(Crawled caption data)
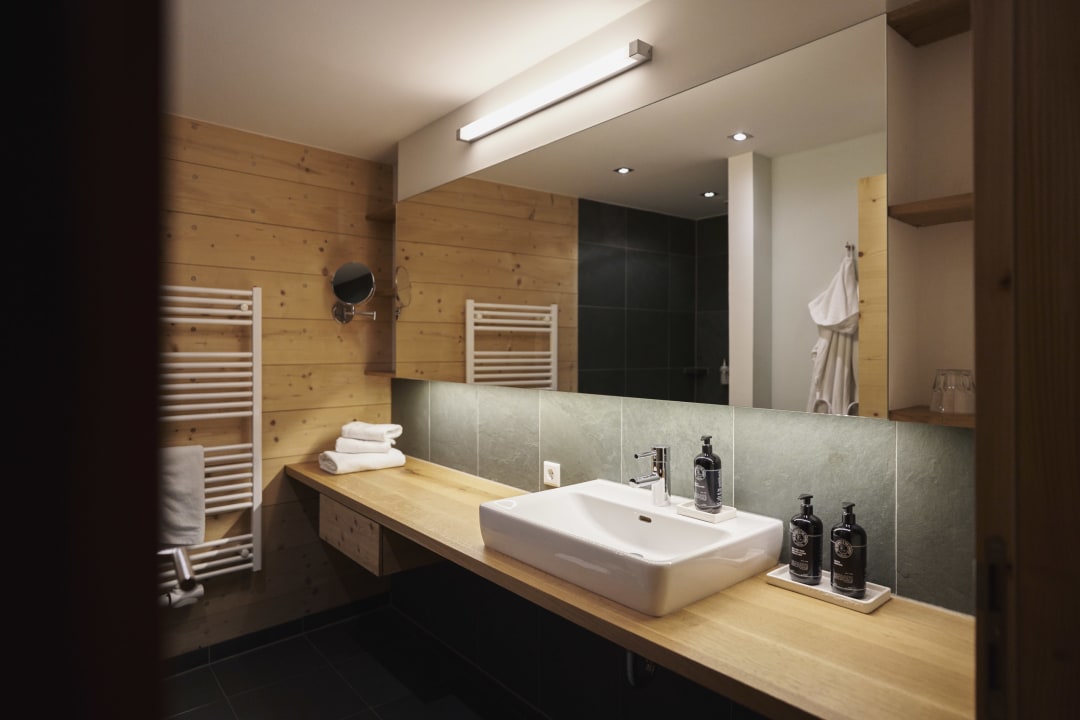 Zimmer Holzhotel Forsthofalm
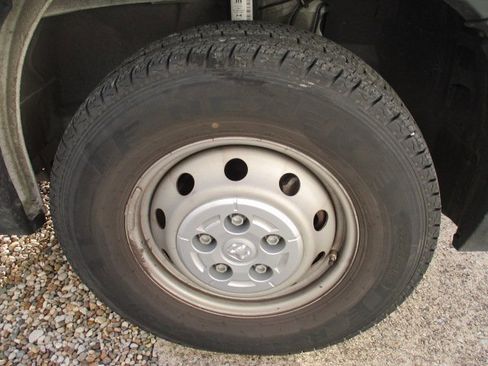 Used 2023 RAM ProMaster 2500 image 19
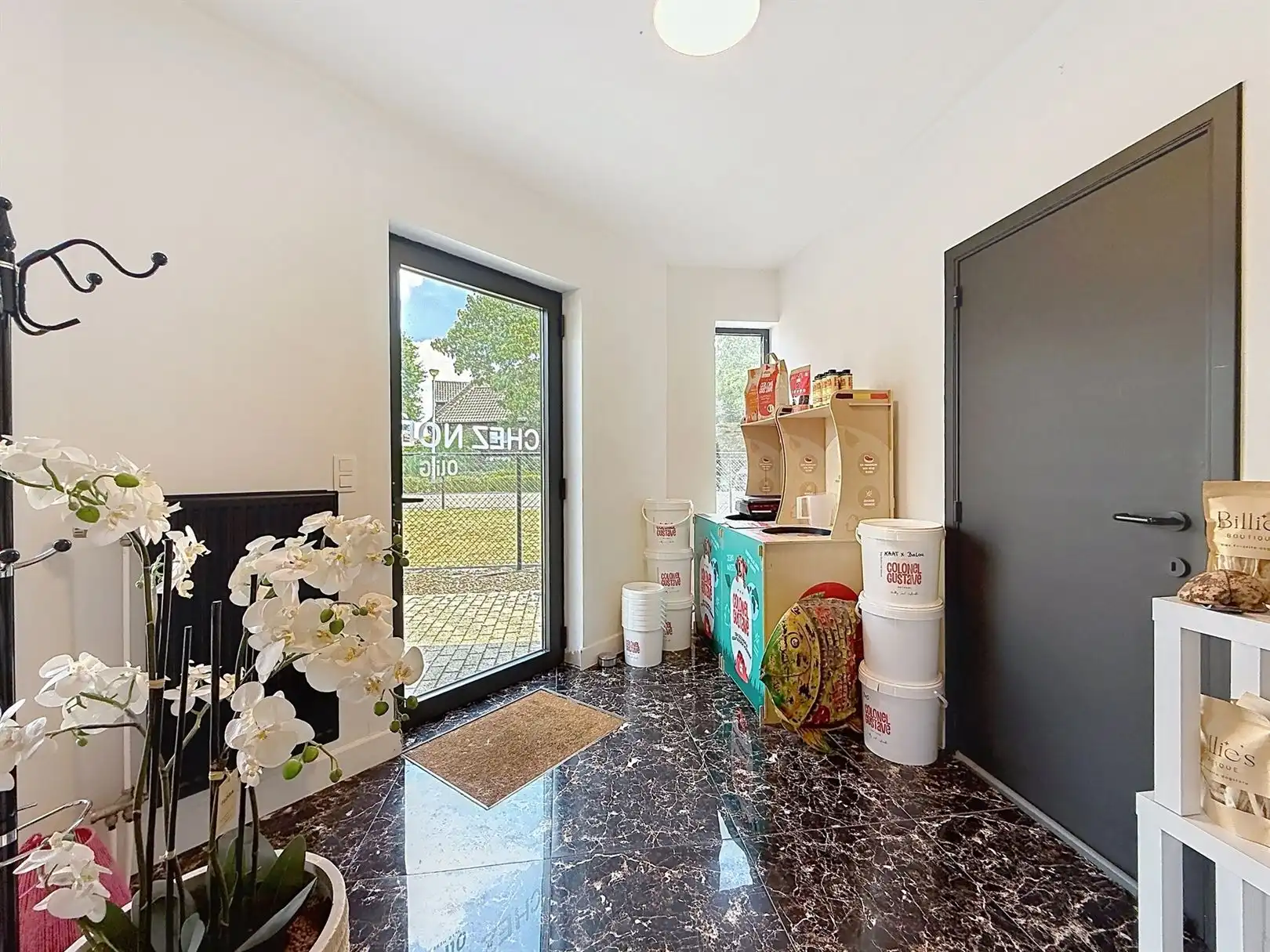 Huis met praktijkruimte, 4 slpks,  2 bdks, 10a 34ca foto 8
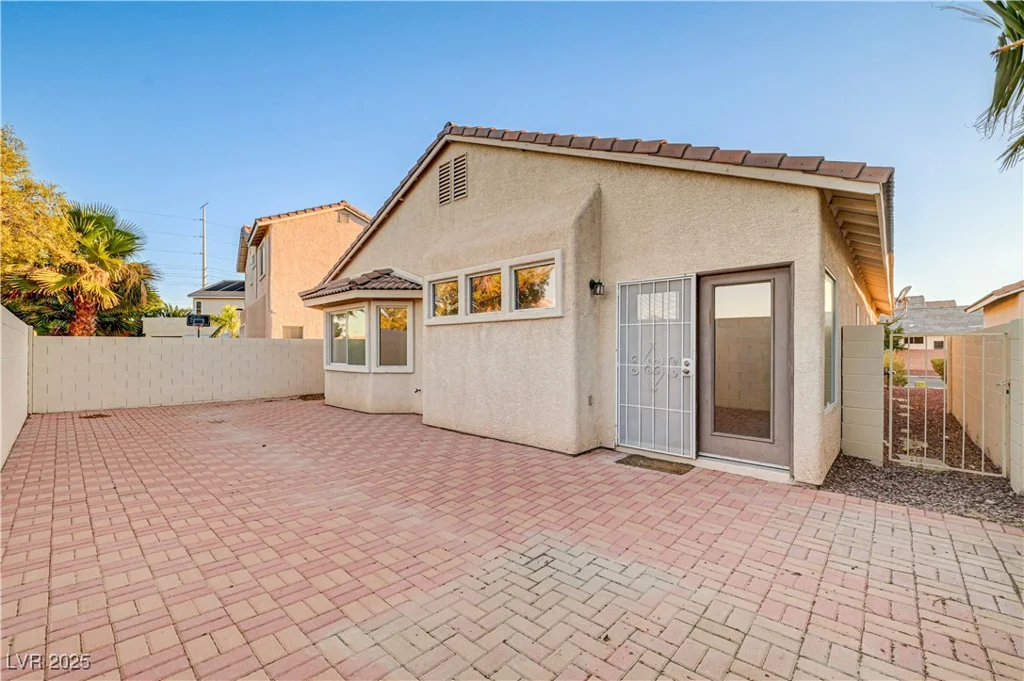 6412 Starling Mesa, North Las Vegas, NV 89086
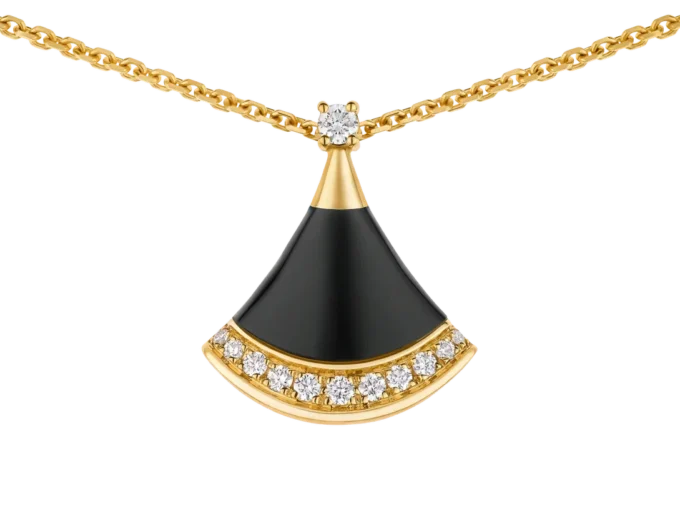 Collar Divas’ Dream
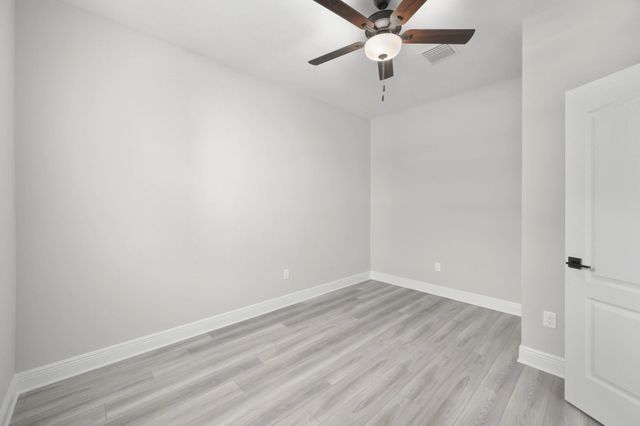 5 of 35 - 3782 Sw Kaiser Street, Port St. Lucie, FL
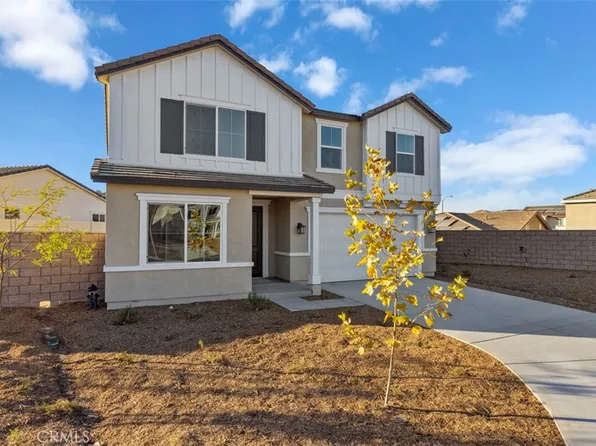 933 Dryden Dr, Lake Elsinore, CA 92530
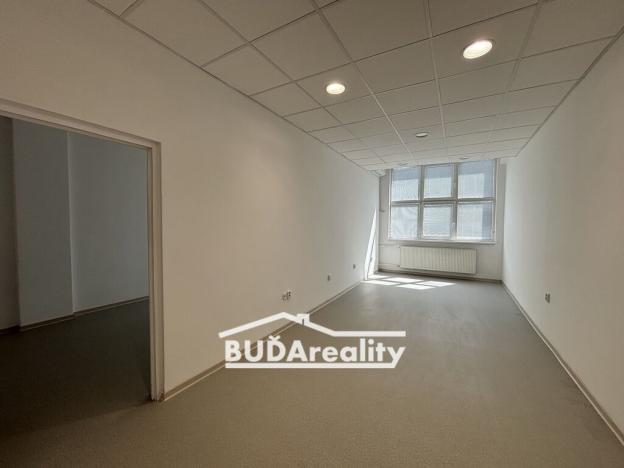 Pronájem kanceláře, Zlín, nám. T. G. Masaryka, 48 m2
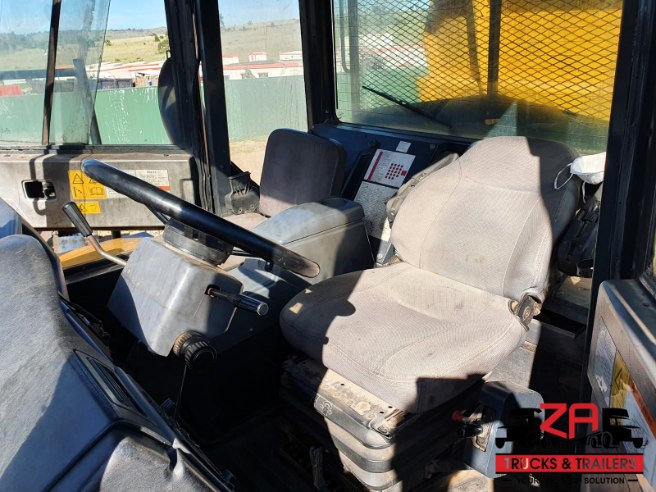 2011 KOMATSU HM300-2 ARTICULATED DUMP TRUCK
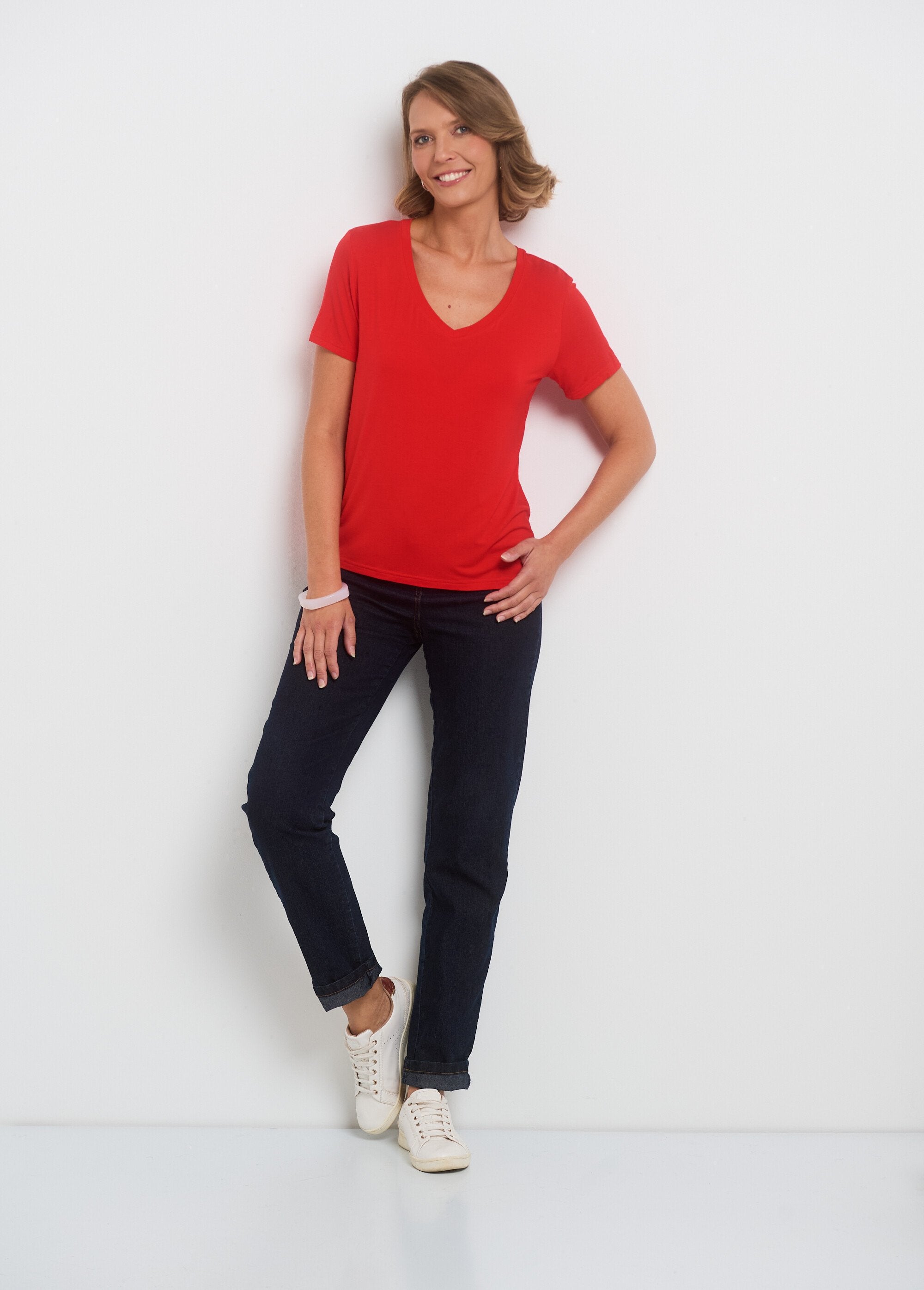 T-shirt_fluida_con_scollo_a_V_e_maniche_corte_Rouge_SF1_slim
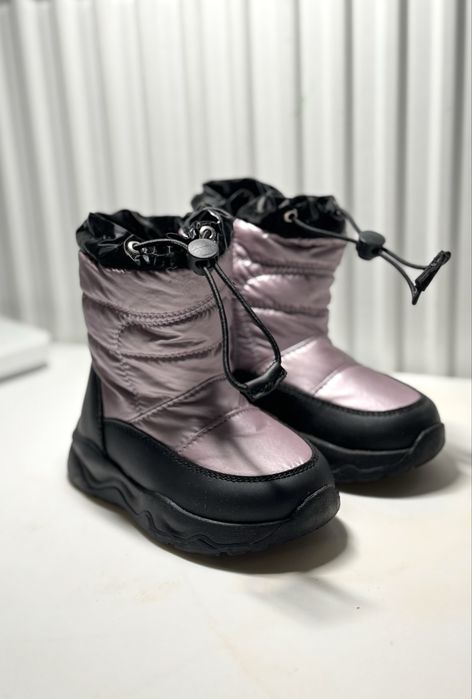 Чобітки зимові RESERVED 22-23 розмір як НОВІ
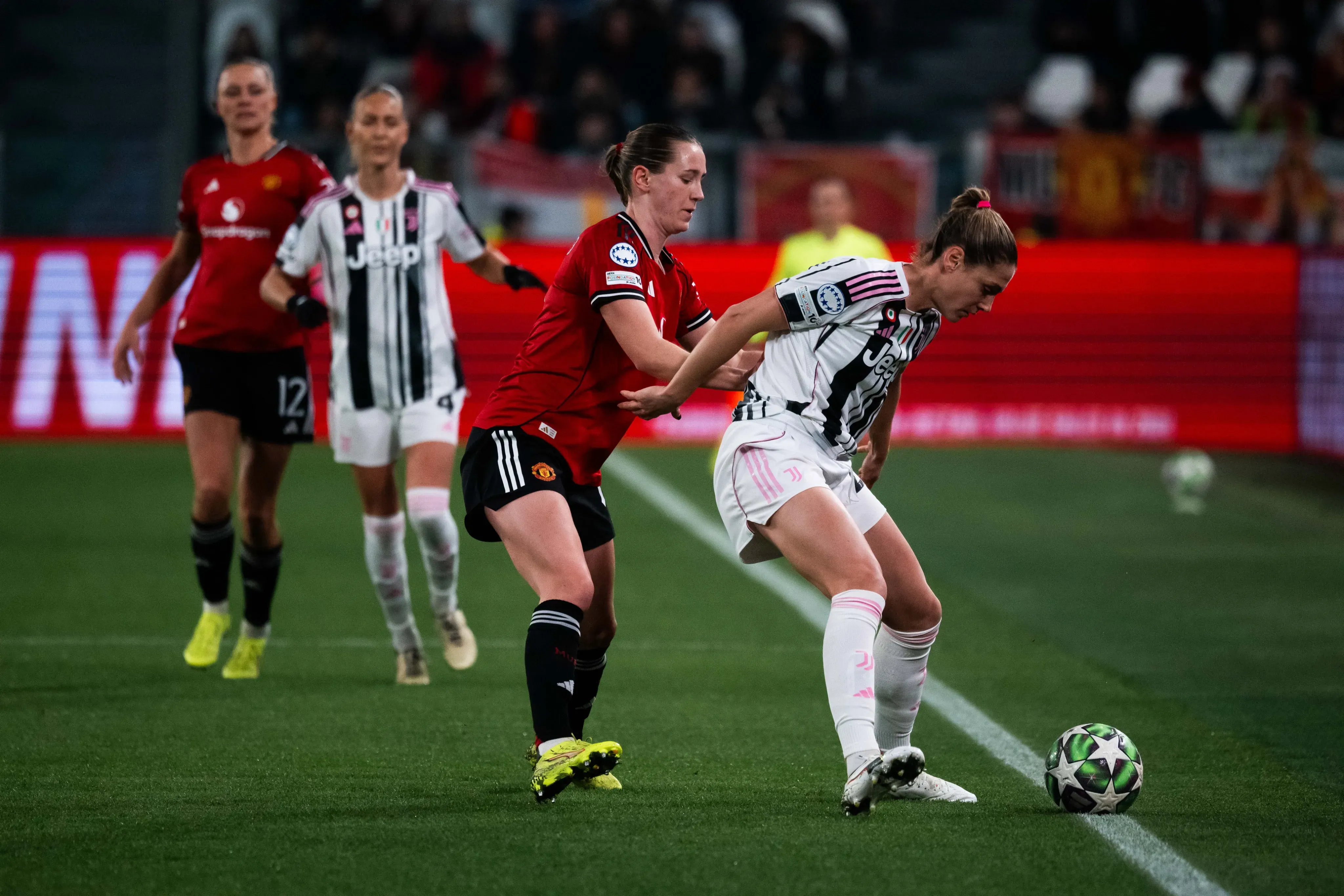 Ambas as equipes chegaram para a partida podendo terminar a rodada no G4 - Foto: Reprodução/Manchester United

Task to carry out
Respond with the exact lines above running from the one containing "Huis met praktijkruimte, 4" to the one containing "Чобітки зимові RESERVED 22-23 розмір як НОВІ", both ends kept and no pictures included.

Response
 Huis met praktijkruimte, 4 slpks,  2 bdks, 10a 34ca foto 8
 6412 Starling Mesa, North Las Vegas, NV 89086
 Collar Divas’ Dream
 5 of 35 - 3782 Sw Kaiser Street, Port St. Lucie, FL
 933 Dryden Dr, Lake Elsinore, CA 92530
 Pronájem kanceláře, Zlín, nám. T. G. Masaryka, 48 m2
 2011 KOMATSU HM300-2 ARTICULATED DUMP TRUCK
 T-shirt_fluida_con_scollo_a_V_e_maniche_corte_Rouge_SF1_slim
 Чобітки зимові RESERVED 22-23 розмір як НОВІ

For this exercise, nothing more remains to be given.